(INFORMATION PROVIDED Opens)

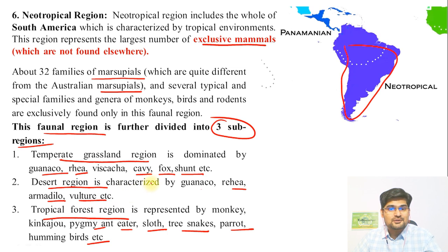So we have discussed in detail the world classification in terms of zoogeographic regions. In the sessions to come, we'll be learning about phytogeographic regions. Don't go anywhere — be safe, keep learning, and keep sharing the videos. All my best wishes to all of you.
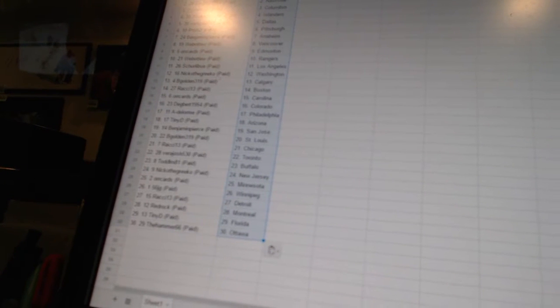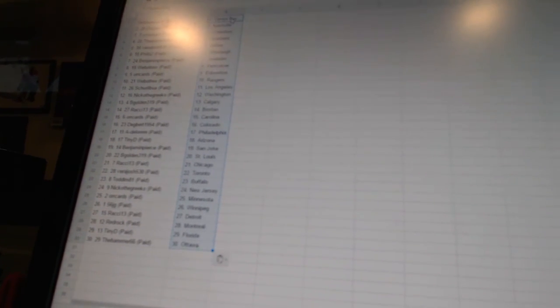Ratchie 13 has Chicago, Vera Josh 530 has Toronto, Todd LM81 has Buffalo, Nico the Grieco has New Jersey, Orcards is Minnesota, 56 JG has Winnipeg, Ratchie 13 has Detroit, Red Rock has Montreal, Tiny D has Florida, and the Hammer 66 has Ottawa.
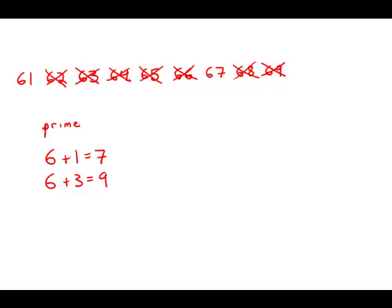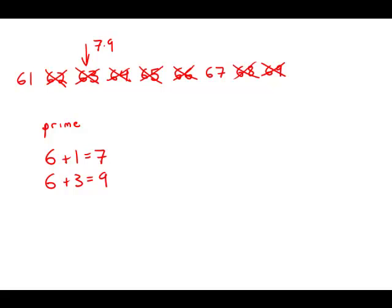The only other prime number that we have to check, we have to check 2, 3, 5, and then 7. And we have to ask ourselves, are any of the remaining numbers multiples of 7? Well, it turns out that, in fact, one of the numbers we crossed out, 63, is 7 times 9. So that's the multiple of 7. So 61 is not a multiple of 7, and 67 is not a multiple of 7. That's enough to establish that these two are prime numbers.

(INFORMATION PROVIDED Closes)
(INFORMATION PROVIDED Opens)

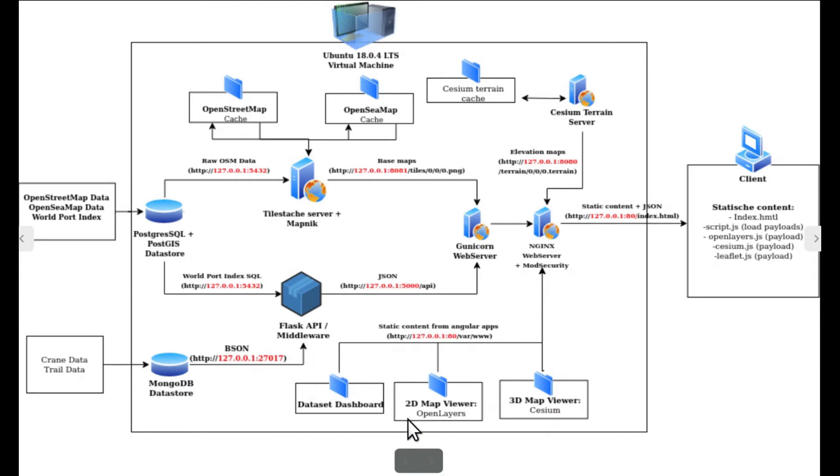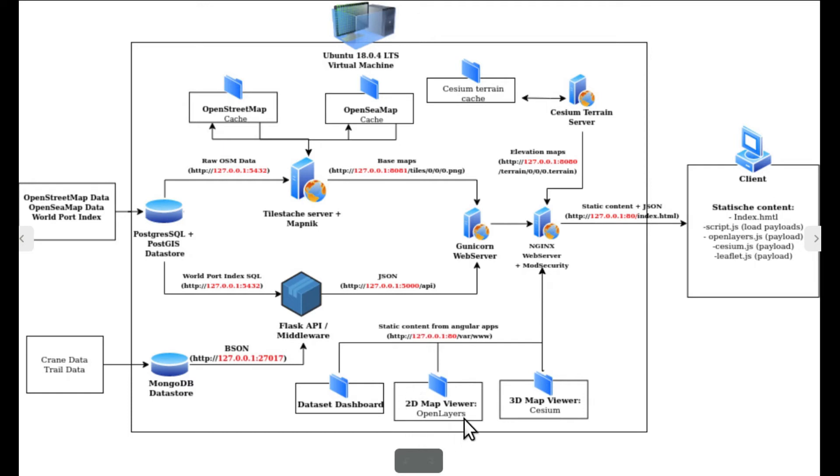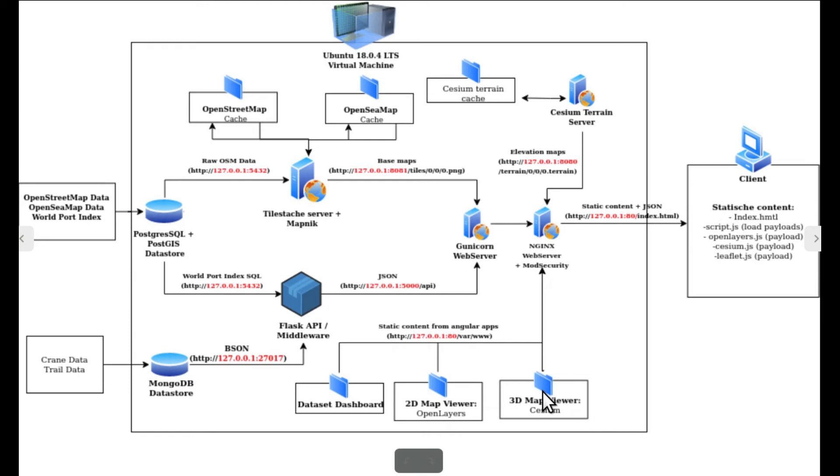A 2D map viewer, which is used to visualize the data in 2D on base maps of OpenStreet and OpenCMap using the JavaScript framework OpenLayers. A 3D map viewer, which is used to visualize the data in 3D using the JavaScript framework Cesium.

(INFORMATION PROVIDED Closes)

With the pictures removed, print only the lines starting at the line that has "So we have discussed" and ending at the line that has "The only other", both ends included, exactly as they stand above.

RESULT OF THE EXERCISE —
So we have discussed in detail the world classification in terms of zoogeographic regions. In the sessions to come, we'll be learning about phytogeographic regions. Don't go anywhere — be safe, keep learning, and keep sharing the videos. All my best wishes to all of you.
Ratchie 13 has Chicago, Vera Josh 530 has Toronto, Todd LM81 has Buffalo, Nico the Grieco has New Jersey, Orcards is Minnesota, 56 JG has Winnipeg, Ratchie 13 has Detroit, Red Rock has Montreal, Tiny D has Florida, and the Hammer 66 has Ottawa.
The only other prime number that we have to check, we have to check 2, 3, 5, and then 7. And we have to ask ourselves, are any of the remaining numbers multiples of 7? Well, it turns out that, in fact, one of the numbers we crossed out, 63, is 7 times 9. So that's the multiple of 7. So 61 is not a multiple of 7, and 67 is not a multiple of 7. That's enough to establish that these two are prime numbers.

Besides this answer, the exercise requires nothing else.